== Data ==
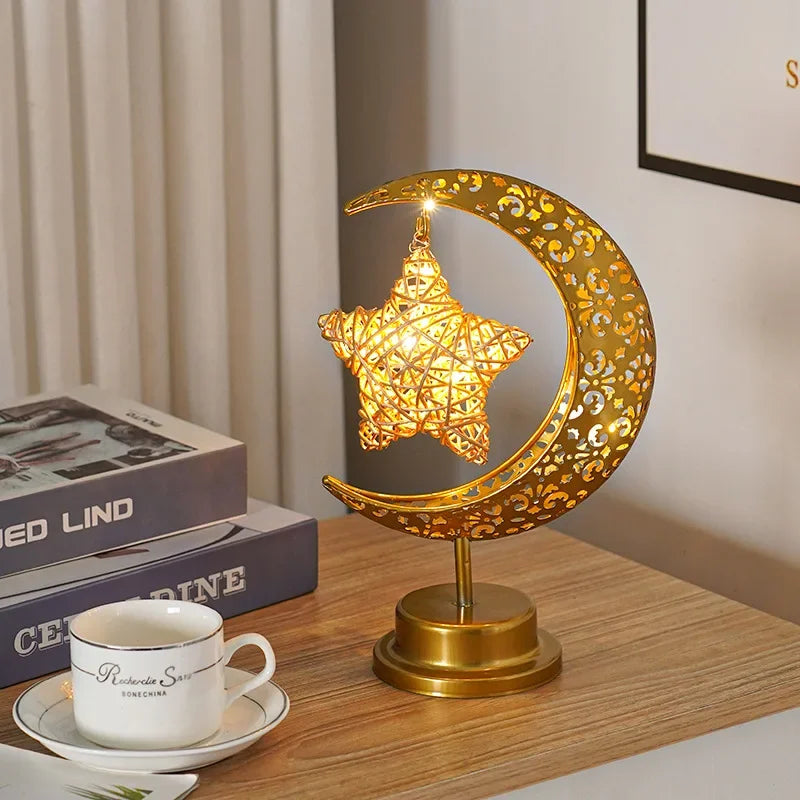 Variant image for Metal Ramadan Moon Lamp - Decorative LED Light for Eid Celebrations, 13x14x28cm, Gold Indoor Decoration-6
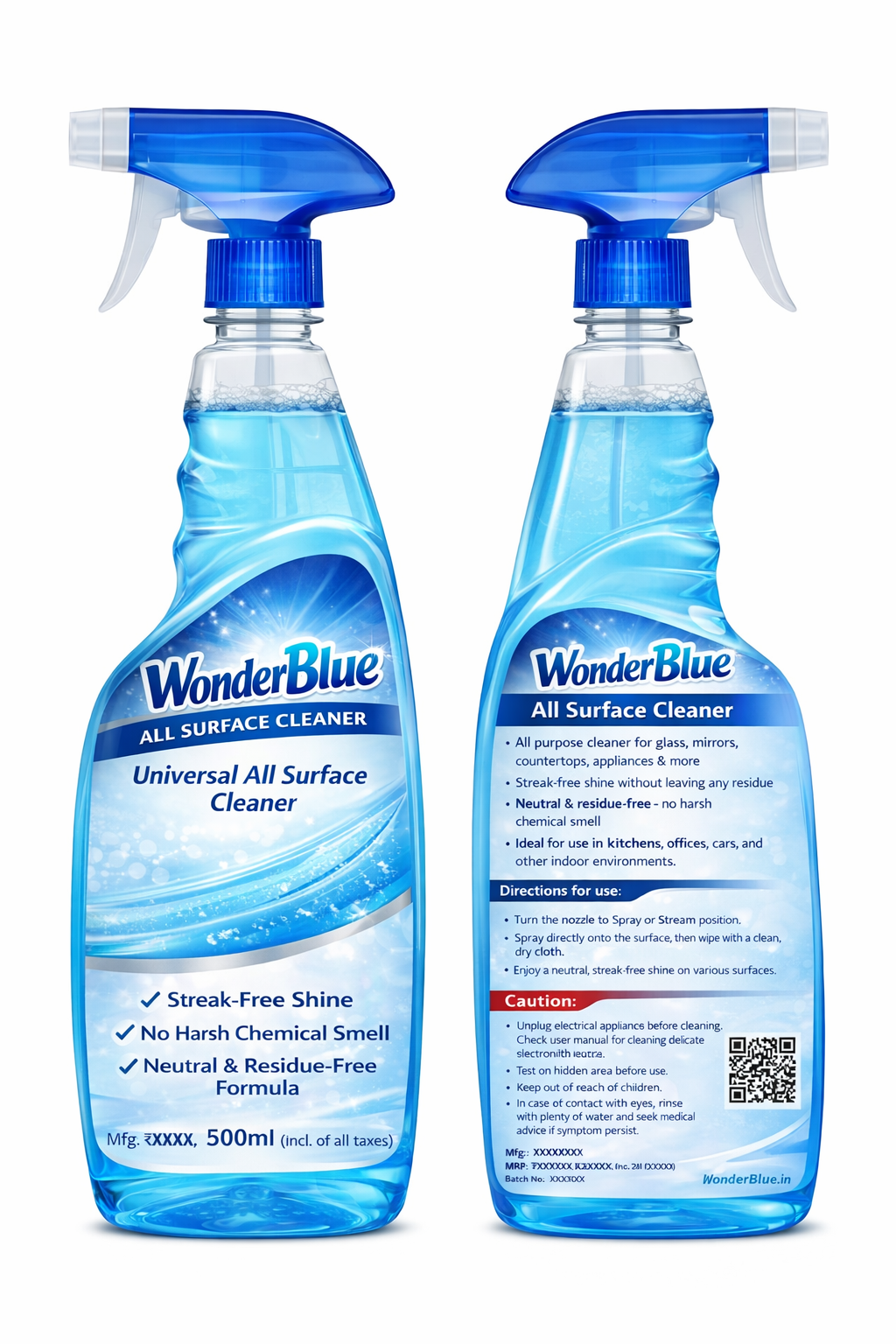 BEST CLEANER - WonderBlue All Surface Cleaner Spray – Neutral Smell, Streak-Free Shine – 500ml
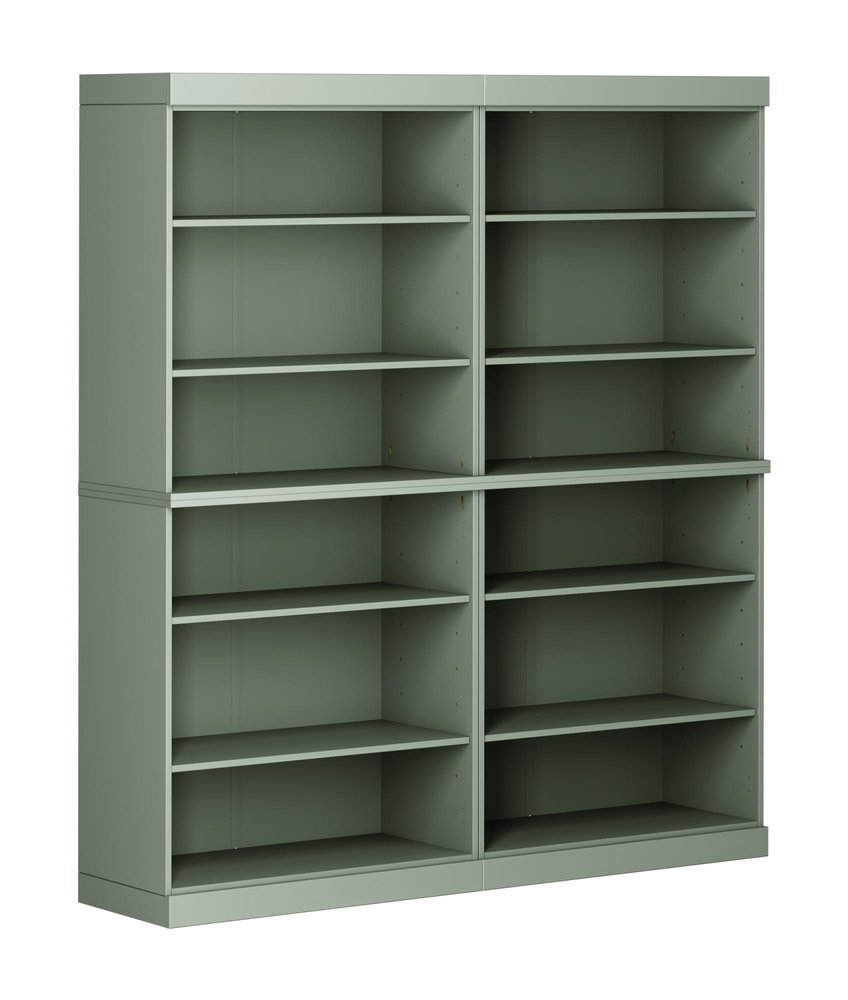 72" Sage Solid Wood Adjustable Twelve Tier Library Bookcase HomeRoots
===
*What the exercise asks*
Verbatim output, no pictures: the line holding "BEST CLEANER - WonderBlue" and all lines after it through the last line of the material, with nothing else.

*Answer space*
 BEST CLEANER - WonderBlue All Surface Cleaner Spray – Neutral Smell, Streak-Free Shine – 500ml
 72" Sage Solid Wood Adjustable Twelve Tier Library Bookcase HomeRoots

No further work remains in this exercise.